─── INPUT DATA ───

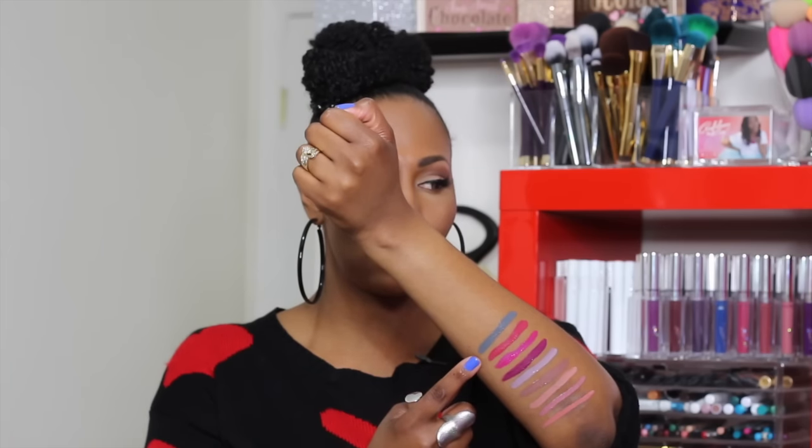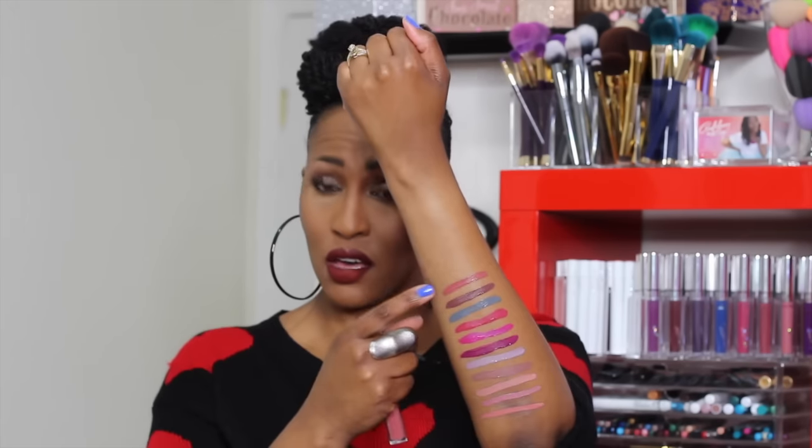This color kind of reminds me of NYX Stone Fox liquid suede lipstick, but I swatched them together and posted on Instagram — Stone Fox is definitely darker. The next color is Tulips, but it's spelled T-U-L-I-P-S like 'two lips.' And this next color is Frick and Frack — I think this one is going to give a really nice neutral nude.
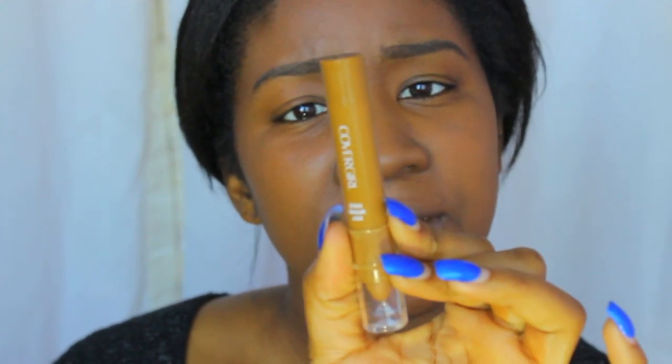Now we're going to move on to the CoverGirl TrueBlend Thick Stick, and it reminds me of the L'Oreal True Match Thick. I've used this before and it's a little bit creamier. I feel like the color matching — I know it's still not my perfect color — but the color matching is better than the L'Oreal True Match for deeper skin complexions.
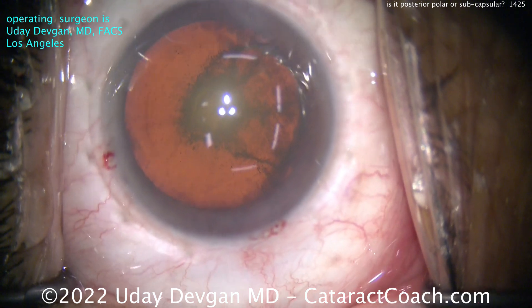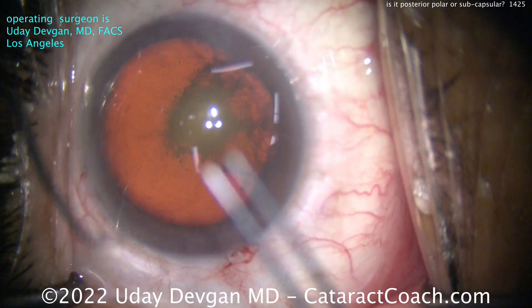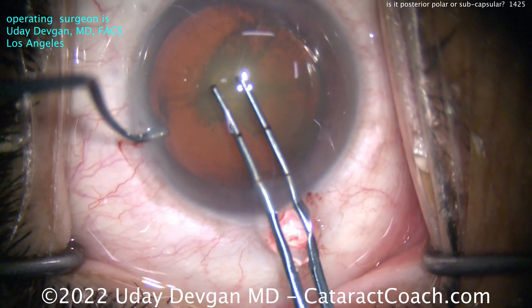Did you decide yet? Is it posterior polar or PSC? You know you have to figure this out — because what do you do? Are you going to do hydrodissection like a normal case, or are you going to do just hydrodelineation and viscodissection?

───

# WHAT IS BEING ASKED
Make an exact printout of the listing above, omitting the images.

# RESULT
This color kind of reminds me of NYX Stone Fox liquid suede lipstick, but I swatched them together and posted on Instagram — Stone Fox is definitely darker. The next color is Tulips, but it's spelled T-U-L-I-P-S like 'two lips.' And this next color is Frick and Frack — I think this one is going to give a really nice neutral nude.
Now we're going to move on to the CoverGirl TrueBlend Thick Stick, and it reminds me of the L'Oreal True Match Thick. I've used this before and it's a little bit creamier. I feel like the color matching — I know it's still not my perfect color — but the color matching is better than the L'Oreal True Match for deeper skin complexions.
Did you decide yet? Is it posterior polar or PSC? You know you have to figure this out — because what do you do? Are you going to do hydrodissection like a normal case, or are you going to do just hydrodelineation and viscodissection?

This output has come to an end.